Costello took his theme further the day after Howard's interview. Speaking at the end of a G20 finance ministers meeting in Berlin, he forecast another financial crisis like the one that began in Asia in 1997. He insisted that the government had to “keep on moving faster” on economic changes.

Last week the government also made it harder for the jobless, particularly the disabled and those with long-term difficulties, to get help in finding work. It moved to shut down what remains of Employment National, the government's job-placement agency formerly known as the Commonwealth Employment Service (CES). Abbott announced that Employment National had lost most of the tenders to provide intensive job search assistance for the long-term unemployed and disabled workers.

Finance Minister John Fahey then sacked Employment National's board, appointing Richard Grellman, a corporate recovery specialist, to oversee the agency's closure or restructure. Grellman quit 24 hours later after other job agencies accused him of having a conflict of interest. Grellman is vice-president of Mission Australia, a church-based agency that won the largest share of the recent job placement contracts offered by the government. If Employment National shuts its doors, Mission Australia could snare some of its remaining contracts.

The CES once employed about 4,500 public servants, charged with the responsibility of finding jobs for the unemployed. In 1997 the Howard government turned the CES into a state-owned business, Employment National, with only 750 permanent and 450 casual staff and encouraged corporate and charity agencies to undercut its services by bidding for the more lucrative aspects of its workload. The focus of the job placement network shifted further from assisting the unemployed to coercing them into cheap labour.

Labor Party leader Kim Beazley responded to Howard's latest announcement by saying the underlying philosophy of mutual obligation was fine, although the government had to be careful not to punish and create insecurity for the unemployed and their families. But the whole focus of “mutual obligation” is precisely to blame the jobless for their plight and give them no choice but to hunt for any kind of work, regardless of the conditions.
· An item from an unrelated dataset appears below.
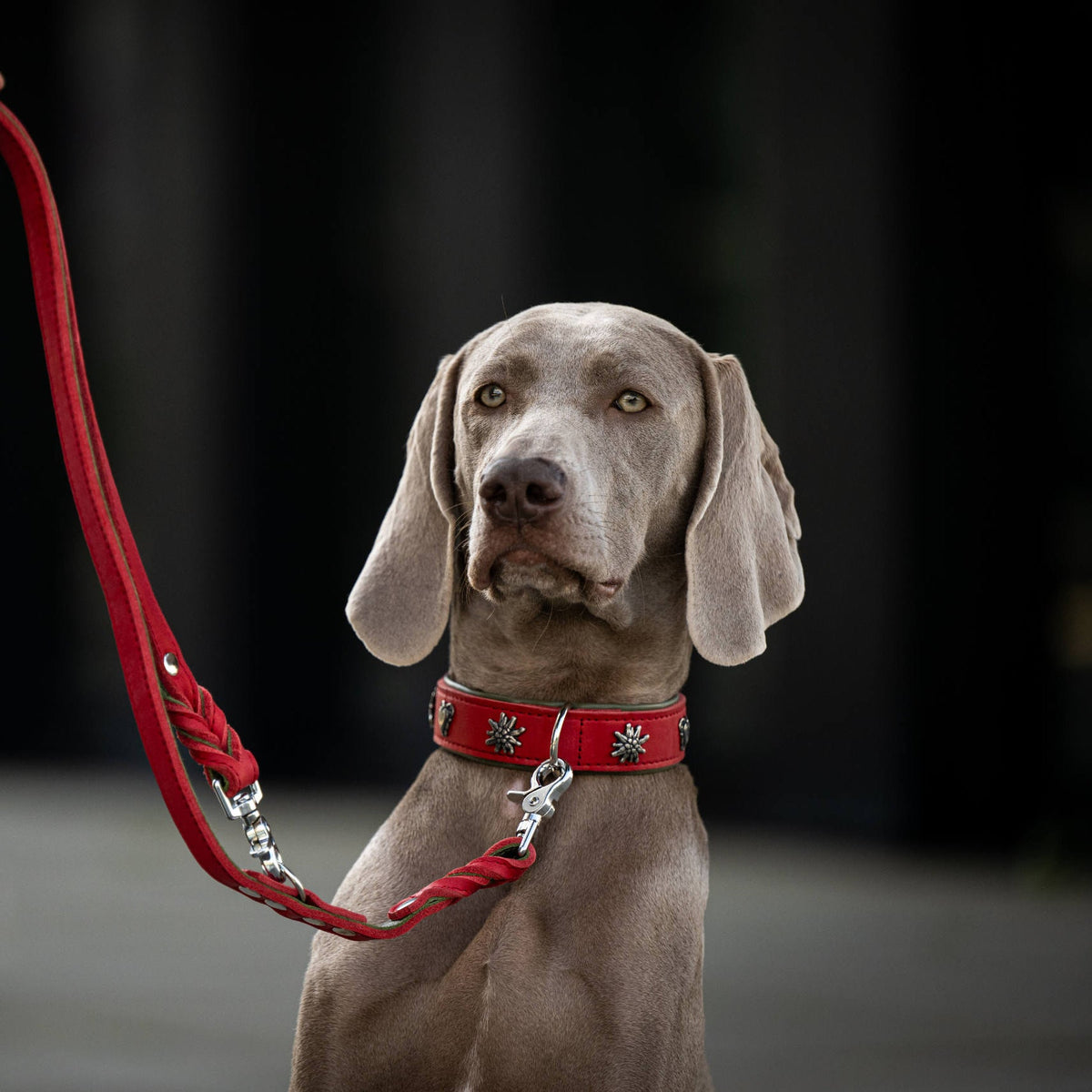 EDELWEISS - Elegantes Hundehalsband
The Australian Council of Social Services (ACOSS) criticised the new measures. “There are no new programs to help unemployed people; there is no extra allowance to assist unemployed people look for work. There's nothing that gives them more than the $162 [per week] they are having to struggle on,” ACOSS president Michael Raper said. He contrasted the package with the 10 percent pay rise politicians had just awarded themselves.

In a combined statement, seven other welfare agencies said the government ran the risk of creating a “vicious society” that blamed the jobless for the problem of unemployment. They pointed out that Howard's announcement was made on the final day for submissions to a government review of welfare services.
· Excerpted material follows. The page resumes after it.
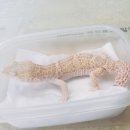 한성동물병원 이미지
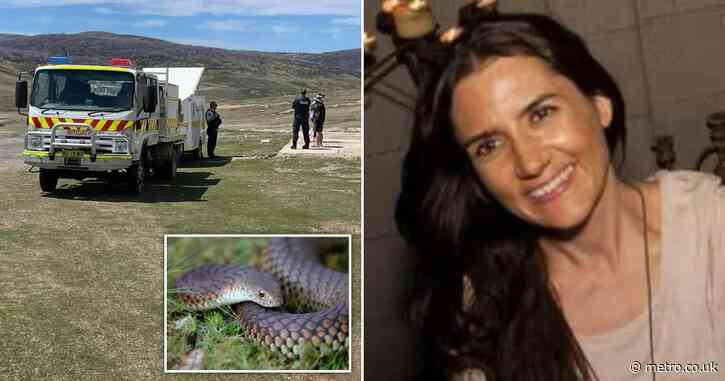 Missing woman survives snake bite after falling in freezing wilderness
The review was initiated several months ago after Family and Community Services Minister Jocelyn Newman withdrew a welfare reform report at the last minute. Newman's blueprint, partly leaked to the media, included the abolition of benefits for single parents once their children turned 12 and the slashing of disabled workers' benefits. The resulting outcry forced the government to call off Newman's announcement, but Howard and his ministers are now proceeding with its contents.